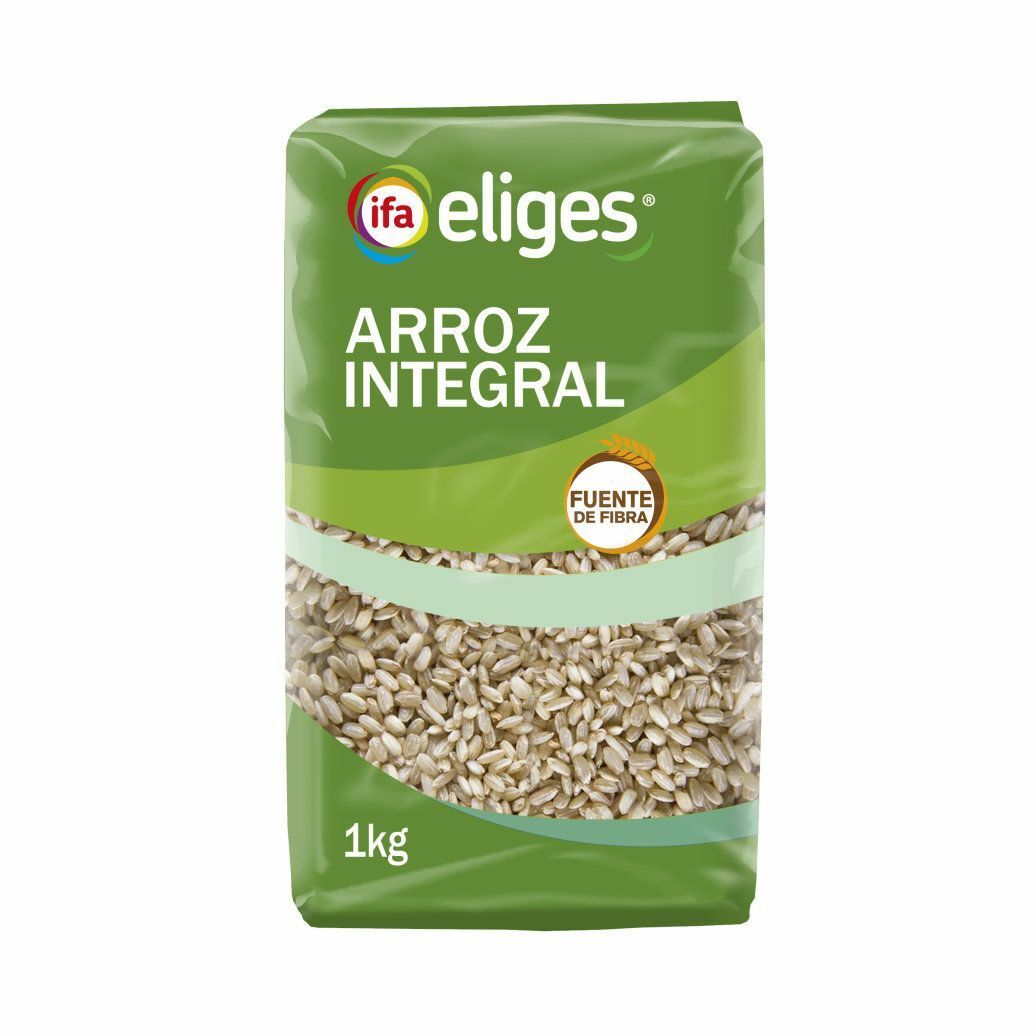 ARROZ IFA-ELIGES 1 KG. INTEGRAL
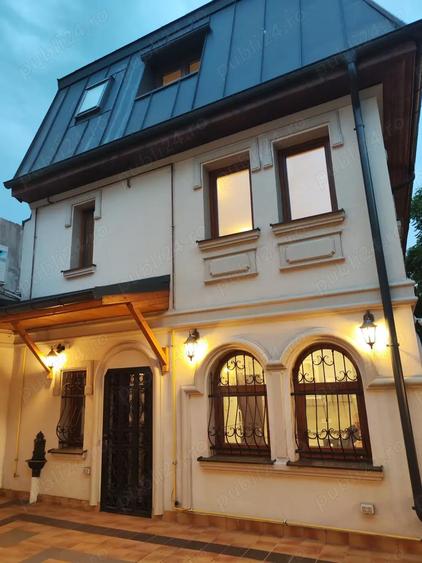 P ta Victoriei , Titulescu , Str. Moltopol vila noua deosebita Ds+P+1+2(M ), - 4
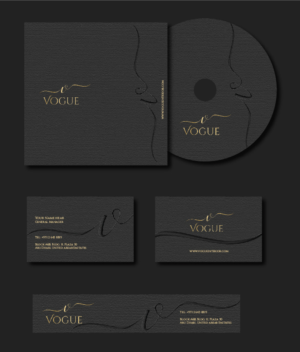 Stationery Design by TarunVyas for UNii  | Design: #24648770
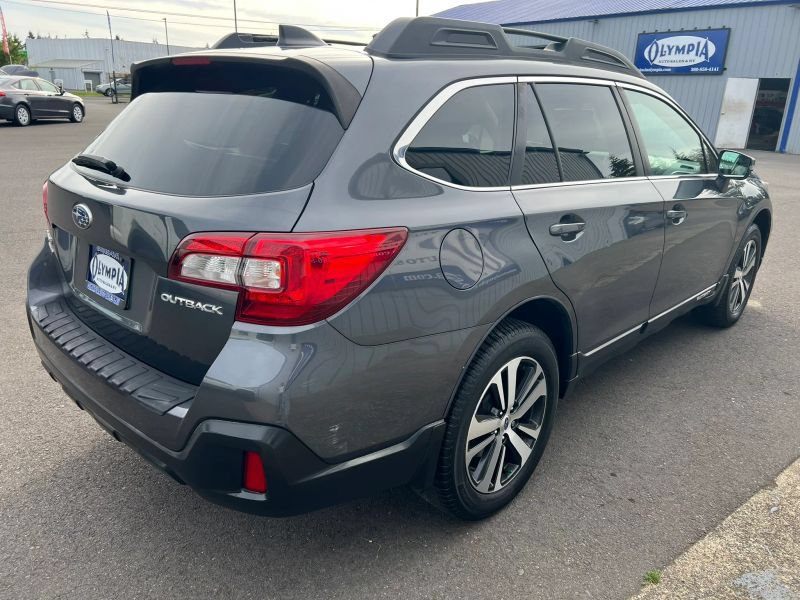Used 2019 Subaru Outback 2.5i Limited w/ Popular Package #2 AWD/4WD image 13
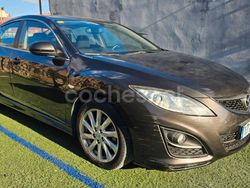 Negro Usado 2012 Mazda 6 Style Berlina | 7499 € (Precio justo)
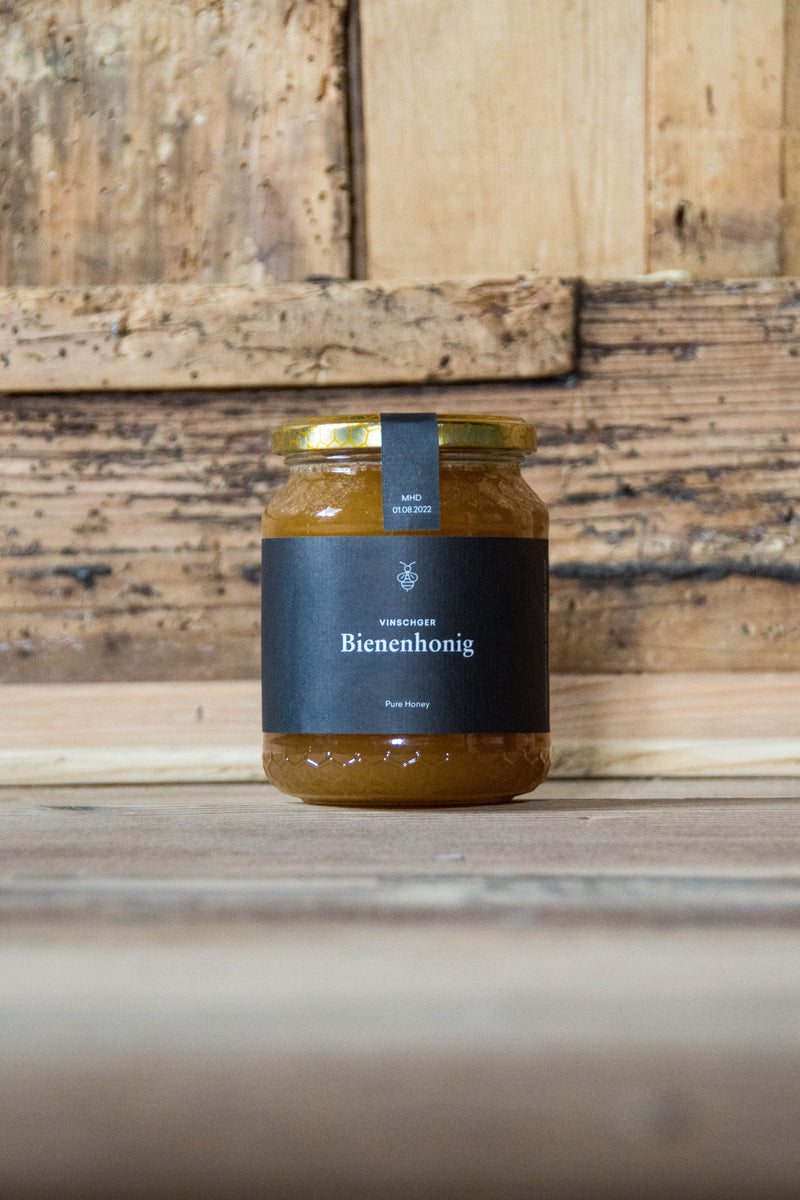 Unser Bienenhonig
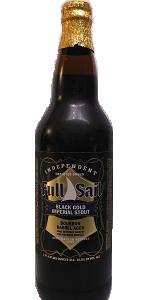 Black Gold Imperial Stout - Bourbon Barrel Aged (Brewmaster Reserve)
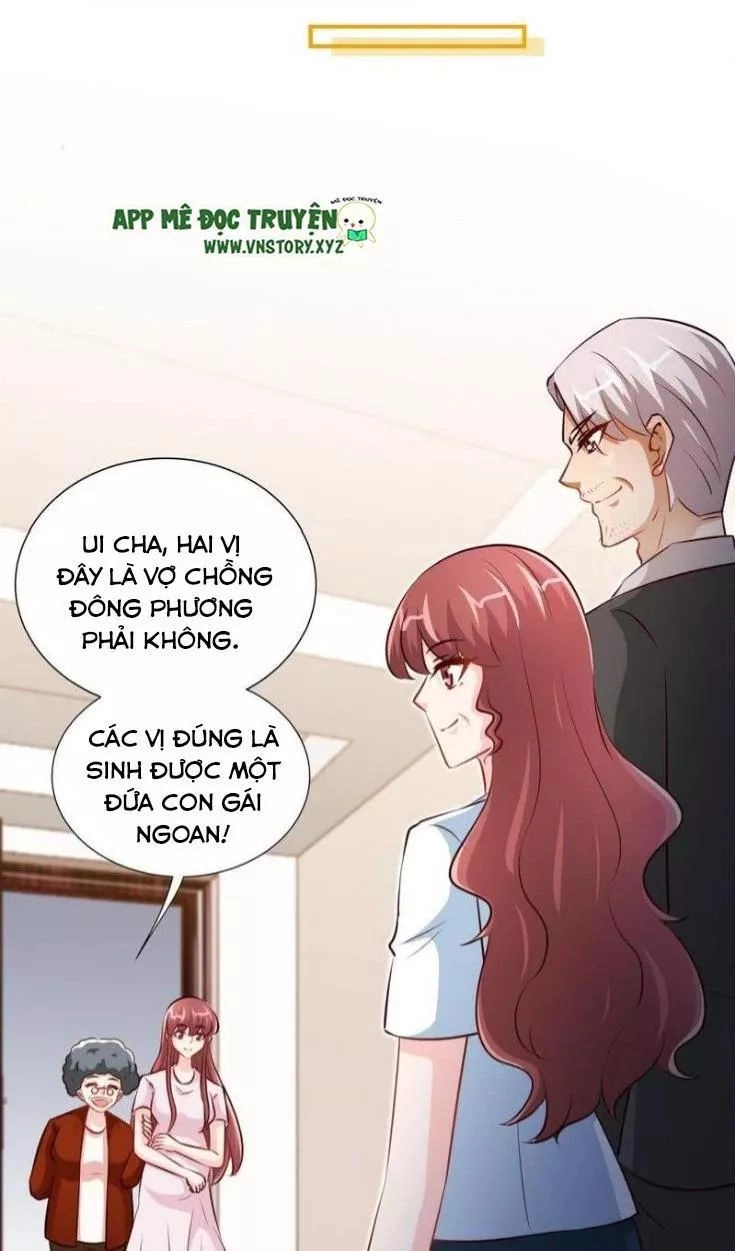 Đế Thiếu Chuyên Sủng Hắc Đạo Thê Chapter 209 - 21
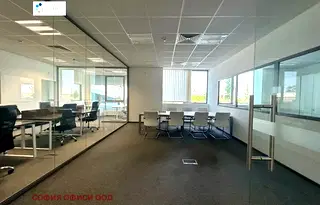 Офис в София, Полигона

= = =

* **Exercise details**: Pictures should be left out when the records above are restated exactly.

* **Task solution**:
 ARROZ IFA-ELIGES 1 KG. INTEGRAL
 P ta Victoriei , Titulescu , Str. Moltopol vila noua deosebita Ds+P+1+2(M ), - 4
 Stationery Design by TarunVyas for UNii  | Design: #24648770
Used 2019 Subaru Outback 2.5i Limited w/ Popular Package #2 AWD/4WD image 13
 Negro Usado 2012 Mazda 6 Style Berlina | 7499 € (Precio justo)
 Unser Bienenhonig
 Black Gold Imperial Stout - Bourbon Barrel Aged (Brewmaster Reserve)
 Đế Thiếu Chuyên Sủng Hắc Đạo Thê Chapter 209 - 21
 Офис в София, Полигона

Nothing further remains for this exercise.